Agency Bid Number: E6-016-O -- Bid Title: Scientific Microcomputer
Cluster Running The Linux Operating System
NOTICE OF BID OPPORTUNITY
Dear Vendor:
The above Official Sealed Bid is being let in your commodity area. To
obtain additional information, login to VendorNet
(http://vendornet.state.wi.us/) and click on SEARCH. Select "Official Sealed Bids". Next select "By agency bid number", enter the agency bid
number in the text box as the keyword, and click on "Search Vendornet".
The system will locate the bid announcement for your review.
The official bid specification may also be obtained from the UWM Computer Equipment Purchasing Officer, Mr. Ed Seeberg, email: ELS@bfs.uwm.edu, tel: 414-229-4077.
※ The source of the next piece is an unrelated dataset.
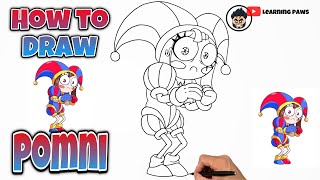 How To Draw Pomni From The Amazing Digital Circus #drawing #art #pomni #amazingdigitalcircus
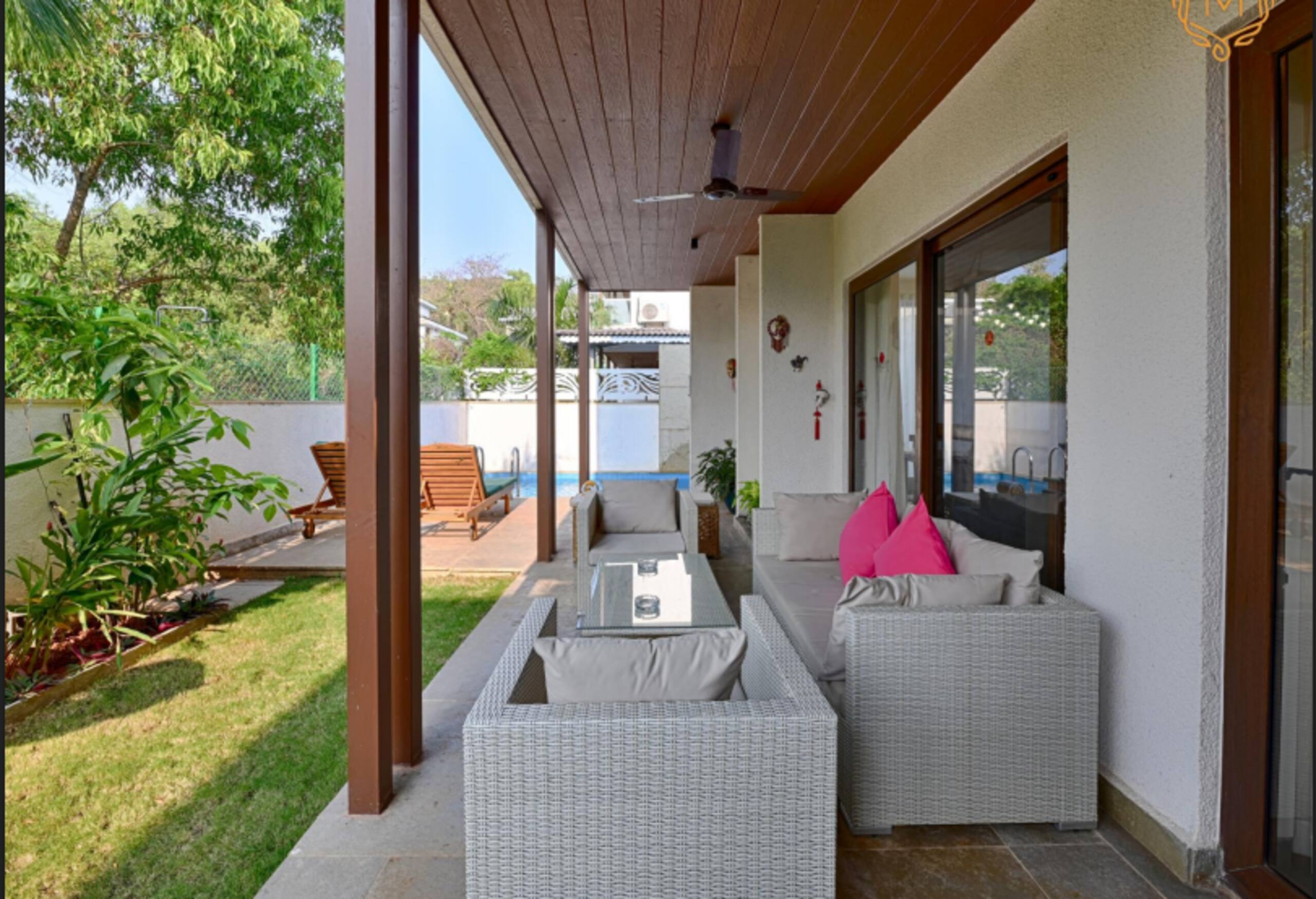 Stunning 4BHK | Pvt Pool | 10 min to Anjuna Beach 25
LINUX COMPUTING AND STORAGE CLUSTER
-----------------------------------
This is a bid specification for a scientific computing cluster running
the Linux operating system, to consist of:
[1] rack-mounted dual-processor cluster nodes
[2] equipment racks
The total amount paid for all the equipment listed above will be
$1,150,000.00
Bidders must respond by indicating the TOTAL NUMBER OF COMPUTE NODES
which will be provided. Additional technical information must also be
provided as indicated below.
[Note: The entire system will be placed in an existing dedicated
1400-square foot cluster room at UW - Milwaukee. This room contains
one dedicated Powerware 9315 500kVA/400kW central UPS system and two
dedicated Liebert 225 kVA power distribution units. The room is
equipped with four dedicated 26 ton Data-Aire down-flow AC units and
an 18-inch raised floor air distribution system. A floor plan is
included. A Cisco 6500 or Force10 E600/E1200 based ethernet switch
and suitable cabling will be provided by the purchaser.]
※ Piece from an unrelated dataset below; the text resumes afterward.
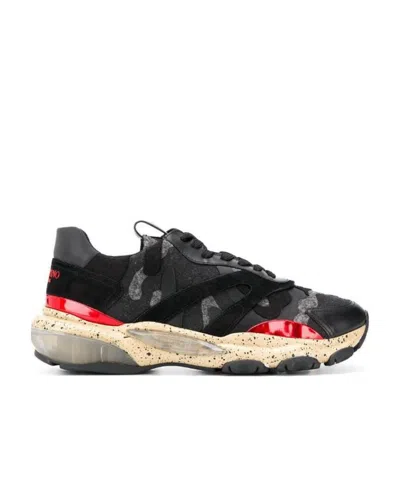 Valentino Garavani Garavani Bounce Camouflage Leisure Sneakers In Black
------------------------------------------------------------------------
[1] Compute node specifications
Each node will be a dual-CPU AMD Opteron machine with two (single
core) AMD Opteron 248 processors (versions with DDR400 support,
latest E stepping, 1 GHz HyperTransport clock). Each
node must:
- have a motherboard that accommodates dual core CPUs for a potential
future upgrade.
- have a motherboard which is certified by AMD for use with AMD
Opteron processors up to and including model 252 and dual-core
processors up to and including model 275.
- include an on-board graphics controller
- include 4 GB of registered ECC memory, PC3200/DDR400 or faster.
Memory must be from a first tier memory manufacturer such as
Corsair, Kingston, Mushkin, Infineon, Dataram, Samsung, Viking,
Micron, etc. Memory must be certified as compatible by motherboard
manufacturer. Specify memory manufacturer.
- have maximum memory interleave, so memory must occupy at least two
memory slots per CPU.
- be in a 1U or 2U or 3U rack mount case with slide rails for pull-out
access. Case should include a 120 VAC power-supply cord. Case size
should be chosen by vendor to minimize cost while providing good
cooling airflow and easy access for maintenance. If slide rails are
"full extension" and allow 100% access even in a fully
stuffed rack, this is an advantage and should be noted.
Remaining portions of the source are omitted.